Helping The Non-Technical Executive To Select Analytics Solutions

Helping The Non-Technical Executive To Select Analytics Solutions

data collection and analysis

Helping the Non-Technical Executive to Select Analytics Solutions

Every company seeks to make better decisions driven by data, analytics, and relevant context. To support these decisions, companies must make investments that allow employees to use and experiment with the full scale and variety of available data sources and vendors in a timely matter without being locked into any potential evolutionary dead end. As technology continues to advance, employees now expect the scale of cloud computing, performance to support real-time analysis, and access to relevant documents and media as part of their analytic environment.

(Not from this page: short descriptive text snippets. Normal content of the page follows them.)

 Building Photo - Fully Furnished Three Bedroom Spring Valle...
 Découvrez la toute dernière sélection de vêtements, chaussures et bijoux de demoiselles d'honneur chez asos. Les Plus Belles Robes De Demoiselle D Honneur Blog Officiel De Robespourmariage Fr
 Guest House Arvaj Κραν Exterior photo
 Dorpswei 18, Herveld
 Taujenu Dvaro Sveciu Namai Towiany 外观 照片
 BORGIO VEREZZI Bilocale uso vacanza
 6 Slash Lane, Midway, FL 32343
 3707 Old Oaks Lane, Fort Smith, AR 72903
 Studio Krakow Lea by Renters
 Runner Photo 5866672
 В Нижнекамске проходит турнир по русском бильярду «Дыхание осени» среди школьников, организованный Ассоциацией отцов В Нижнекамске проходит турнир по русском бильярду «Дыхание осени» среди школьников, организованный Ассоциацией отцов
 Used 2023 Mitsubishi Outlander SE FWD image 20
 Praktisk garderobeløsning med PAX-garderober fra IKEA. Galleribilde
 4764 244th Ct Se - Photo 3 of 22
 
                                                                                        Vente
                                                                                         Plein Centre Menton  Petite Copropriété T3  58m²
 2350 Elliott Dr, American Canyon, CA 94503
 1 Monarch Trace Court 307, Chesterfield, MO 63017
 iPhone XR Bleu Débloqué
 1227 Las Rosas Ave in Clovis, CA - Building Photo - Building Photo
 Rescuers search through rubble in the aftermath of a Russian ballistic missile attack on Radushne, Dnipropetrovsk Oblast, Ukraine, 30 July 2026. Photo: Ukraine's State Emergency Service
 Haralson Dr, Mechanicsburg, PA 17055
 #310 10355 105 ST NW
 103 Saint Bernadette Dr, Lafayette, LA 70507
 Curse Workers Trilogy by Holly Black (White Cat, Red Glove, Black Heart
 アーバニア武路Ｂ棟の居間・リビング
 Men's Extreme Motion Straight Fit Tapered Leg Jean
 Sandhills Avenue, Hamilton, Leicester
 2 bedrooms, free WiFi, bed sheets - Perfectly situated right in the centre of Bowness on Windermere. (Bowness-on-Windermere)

These demands force companies to upgrade their data environments over time to maintain a competitive advantage or to avoid having to explain to investors that their current data and analytics capabilities are at a disadvantage compared to the market at large. Understandably, analytic investments are one of the most substantial technology investments a company can make, which leads to the participation of a variety of departments in this purchasing process. It is not uncommon to see non-technical executives and departments participate in some aspects of selecting an analytic solution, yet it can be difficult at times for executives lacking the technical expertise to both get the information they need and to ask relevant questions to vendors seeking to upgrade an organization’s analytic capabilities.

To provide guidance, let’s take a look at several departments that are increasingly involved in analytic purchases and discuss what their key concerns are in relation to the selection of a new analytic solution: Procurement, Finance, Revenue, and Operations.

Procurement and the Need to Make Good Data Purchases

First, the procurement department will always be involved in significant technology purchases as formal purchasing processes are necessary at any large enterprise. In looking at an analytics solution, procurement departments are always seeking to show their value in controlling costs. This means providing contractual discounts or the ability to trigger discounts based on some sort of usage or business activity.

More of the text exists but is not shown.